:: PROBLEM ::
Could you please reproduce the entries exactly, leaving out any pictures?

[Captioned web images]
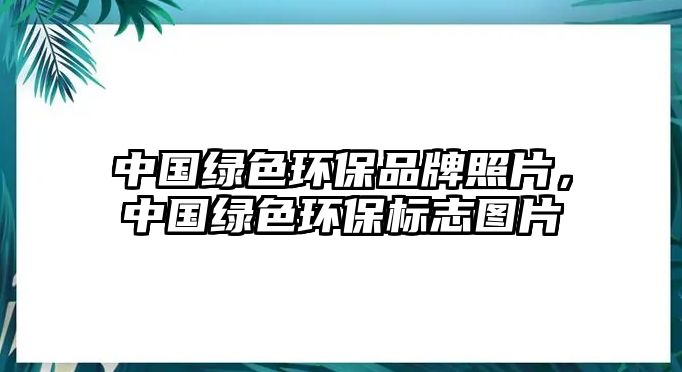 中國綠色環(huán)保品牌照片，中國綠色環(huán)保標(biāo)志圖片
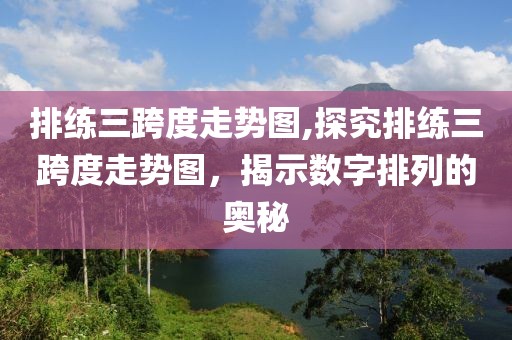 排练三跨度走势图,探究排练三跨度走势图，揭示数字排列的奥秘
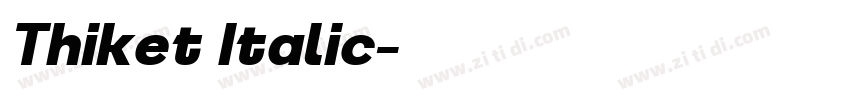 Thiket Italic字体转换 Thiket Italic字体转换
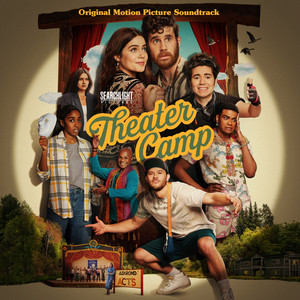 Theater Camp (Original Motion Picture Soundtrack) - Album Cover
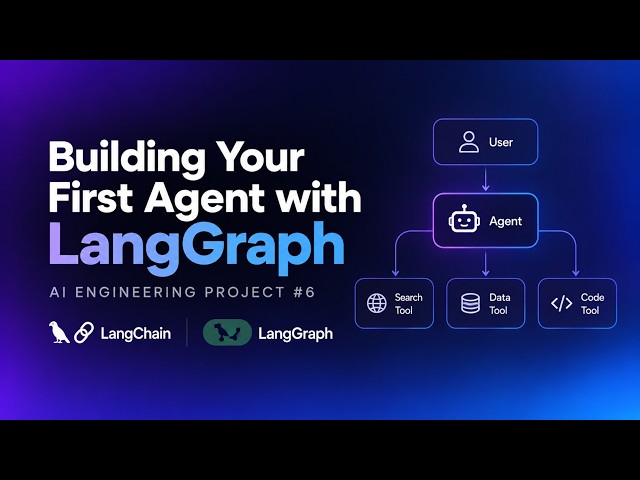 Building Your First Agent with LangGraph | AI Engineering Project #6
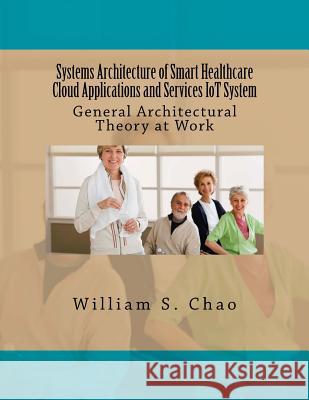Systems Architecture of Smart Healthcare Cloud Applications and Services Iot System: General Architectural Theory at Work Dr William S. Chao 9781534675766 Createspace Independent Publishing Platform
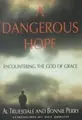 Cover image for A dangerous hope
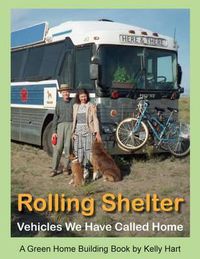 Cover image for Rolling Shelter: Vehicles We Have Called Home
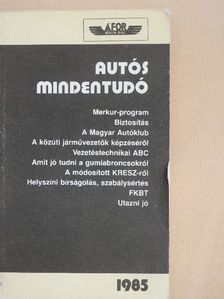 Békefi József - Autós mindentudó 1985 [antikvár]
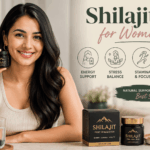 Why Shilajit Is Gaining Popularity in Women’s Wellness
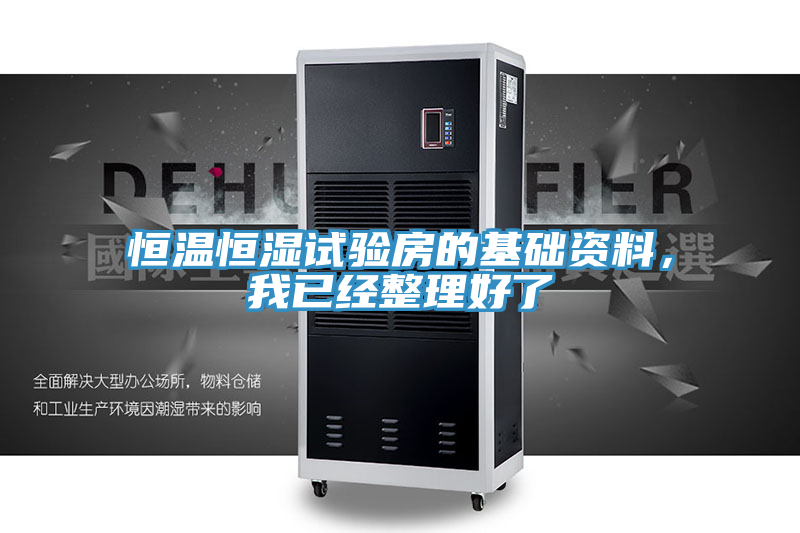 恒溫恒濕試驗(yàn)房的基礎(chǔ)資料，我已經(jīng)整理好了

:: SOLUTION FOR THIS EXERCISE ::
 中國綠色環(huán)保品牌照片，中國綠色環(huán)保標(biāo)志圖片
 排练三跨度走势图,探究排练三跨度走势图，揭示数字排列的奥秘
 Thiket Italic字体转换 Thiket Italic字体转换
 Theater Camp (Original Motion Picture Soundtrack) - Album Cover
 Building Your First Agent with LangGraph | AI Engineering Project #6
Systems Architecture of Smart Healthcare Cloud Applications and Services Iot System: General Architectural Theory at Work Dr William S. Chao 9781534675766 Createspace Independent Publishing Platform
 Cover image for A dangerous hope
 Cover image for Rolling Shelter: Vehicles We Have Called Home
 Békefi József - Autós mindentudó 1985 [antikvár]
 Why Shilajit Is Gaining Popularity in Women’s Wellness
 恒溫恒濕試驗(yàn)房的基礎(chǔ)資料，我已經(jīng)整理好了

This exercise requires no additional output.